The sheer range of brutality and illegal acts defies brief summary. And more details emerge daily: On the Nation website, Jason Vest reveals possible perjury by Under Secretary of Defense for Intelligence Stephen Cambone, while according to Seymour Hersh in The New Yorker, Defense Secretary Rumsfeld personally approved a secret "special-access program" for incarceration, humiliation and violent interrogation, expanding the program from a narrow group of presumed Al Qaeda prisoners in Afghanistan to the insurgency in Iraq.
One revelation in particular should be sounding a constitutional emergency siren: The President has known for more than two years that his Administration has been pursuing policies that could qualify as war crimes under federal and international law. In a January 25, 2002, memo, White House Counsel Alberto Gonzales advised the President of "the threat of domestic criminal prosecution under the War Crimes Act," a federal statute. He advised Bush to invent a legal technicality--declaring detainees in the "war on terror" to be outside the Geneva Conventions--which, he said, "substantially reduces" the chance of prosecution. Gonzales went further, telling the President that the war on terrorism "renders obsolete Geneva's strict limitations on questioning of enemy prisoners"; he pooh-poohed concerns that abandoning the Geneva standards might endanger US troops.
Let's be clear about what this means: Gonzales was urging--and the President adopted as policy--an end run around federal laws. The War Crimes Act, passed by Congress in 1996, allows criminal prosecution of Americans for actions that violate the rights granted prisoners and civilians by the Geneva Conventions and for "outrages upon personal dignity." It is backed by the full range of federal penalties, up to and including the death penalty. And all treaties, including the Geneva Conventions and the Torture Convention, are likewise the binding law of the land.

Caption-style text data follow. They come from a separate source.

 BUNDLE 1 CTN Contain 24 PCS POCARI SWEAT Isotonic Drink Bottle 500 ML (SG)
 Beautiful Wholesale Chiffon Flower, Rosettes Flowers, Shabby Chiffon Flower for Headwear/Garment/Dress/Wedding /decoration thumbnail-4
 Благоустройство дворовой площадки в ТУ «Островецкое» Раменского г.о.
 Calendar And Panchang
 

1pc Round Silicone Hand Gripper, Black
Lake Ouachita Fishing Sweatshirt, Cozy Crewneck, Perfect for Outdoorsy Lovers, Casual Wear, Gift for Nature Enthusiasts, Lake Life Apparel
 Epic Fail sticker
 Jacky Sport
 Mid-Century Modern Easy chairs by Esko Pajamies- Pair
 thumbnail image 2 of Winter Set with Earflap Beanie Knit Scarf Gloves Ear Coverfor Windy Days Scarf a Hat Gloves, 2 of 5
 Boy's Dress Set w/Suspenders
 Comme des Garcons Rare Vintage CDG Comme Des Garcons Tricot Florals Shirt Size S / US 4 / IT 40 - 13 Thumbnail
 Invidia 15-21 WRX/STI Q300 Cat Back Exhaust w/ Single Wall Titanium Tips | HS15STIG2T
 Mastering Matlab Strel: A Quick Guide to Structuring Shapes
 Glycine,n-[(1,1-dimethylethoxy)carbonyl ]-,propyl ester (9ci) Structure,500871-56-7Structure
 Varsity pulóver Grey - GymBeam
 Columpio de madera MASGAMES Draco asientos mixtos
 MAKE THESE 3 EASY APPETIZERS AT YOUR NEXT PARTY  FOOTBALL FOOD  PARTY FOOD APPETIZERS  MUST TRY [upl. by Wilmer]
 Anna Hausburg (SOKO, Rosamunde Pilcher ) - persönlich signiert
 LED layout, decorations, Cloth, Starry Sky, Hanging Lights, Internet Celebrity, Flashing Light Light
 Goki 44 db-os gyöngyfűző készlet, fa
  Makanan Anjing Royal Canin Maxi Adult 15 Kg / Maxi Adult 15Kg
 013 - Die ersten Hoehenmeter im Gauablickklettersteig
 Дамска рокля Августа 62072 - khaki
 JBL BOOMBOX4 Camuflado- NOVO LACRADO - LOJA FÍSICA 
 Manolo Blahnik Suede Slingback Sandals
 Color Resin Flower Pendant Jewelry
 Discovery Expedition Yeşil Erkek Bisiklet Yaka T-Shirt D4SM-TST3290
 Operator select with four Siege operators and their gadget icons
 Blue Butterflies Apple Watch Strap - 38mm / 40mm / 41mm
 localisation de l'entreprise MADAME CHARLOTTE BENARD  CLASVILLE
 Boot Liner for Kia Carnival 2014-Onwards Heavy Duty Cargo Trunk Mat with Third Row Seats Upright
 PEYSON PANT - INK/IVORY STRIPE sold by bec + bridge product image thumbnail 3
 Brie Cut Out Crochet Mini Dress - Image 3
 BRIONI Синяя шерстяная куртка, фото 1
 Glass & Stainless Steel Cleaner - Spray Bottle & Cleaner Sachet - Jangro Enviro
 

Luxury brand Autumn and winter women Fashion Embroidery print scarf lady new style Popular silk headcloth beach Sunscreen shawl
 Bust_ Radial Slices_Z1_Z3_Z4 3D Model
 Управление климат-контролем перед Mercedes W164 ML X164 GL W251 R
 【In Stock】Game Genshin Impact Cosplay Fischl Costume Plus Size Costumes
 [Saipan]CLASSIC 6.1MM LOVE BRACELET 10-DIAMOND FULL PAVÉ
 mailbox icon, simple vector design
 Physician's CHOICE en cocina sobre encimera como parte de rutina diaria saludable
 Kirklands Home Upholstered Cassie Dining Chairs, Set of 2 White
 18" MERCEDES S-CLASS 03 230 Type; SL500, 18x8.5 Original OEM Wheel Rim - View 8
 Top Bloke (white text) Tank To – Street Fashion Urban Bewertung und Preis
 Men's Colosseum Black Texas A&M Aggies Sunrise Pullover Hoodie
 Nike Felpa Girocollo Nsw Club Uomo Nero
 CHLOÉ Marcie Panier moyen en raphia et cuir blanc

From the Gonzales memo, it is clear that the Administration always envisioned taking coercive interrogation beyond Afghanistan. Gonzales repeatedly refers to the broader "war on terrorism"--the phrase Bush uses to cover the war on Iraq. Gonzales specifically advises the President to hold open "options for future conflicts." Thus the scandal is not what George W. Bush referred to as the "failures of character" of a few soldiers at Abu Ghraib. The scandal is that the White House wanted to torture prisoners and get away with it.
The damage wrought by this sweeping two-year conspiracy to perpetrate and cover up illegal brutality is impossible to calculate. Certainly, it undoes decades of military leaders' efforts to prevent future My Lais. The intelligence gathering itself was compromised: Prisoners treated like those in Abu Ghraib will confess to anything. The occupation of Iraq has turned out to be a morally corrosive imperial adventure.
The evidence emerging from Abu Ghraib reveals high crimes and misdemeanors in the precise sense of the Constitution's impeachment clause. In an election year and with the GOP controlling Congress, that course is foreclosed, for now. But two years of willful subversion of law and human rights, which began in the Oval Office and led to Abu Ghraib, demands far more vigorous investigation than the queasy Congressional inquiries thus far conducted, as well as criminal prosecutions independent of this Attorney General. Such subversion demands, too, that Americans, bewildered and demoralized by the scenes from Abu Ghraib and the failed Iraq war, recover their sense of outrage--and exercise that outrage in the street and in the voting booth.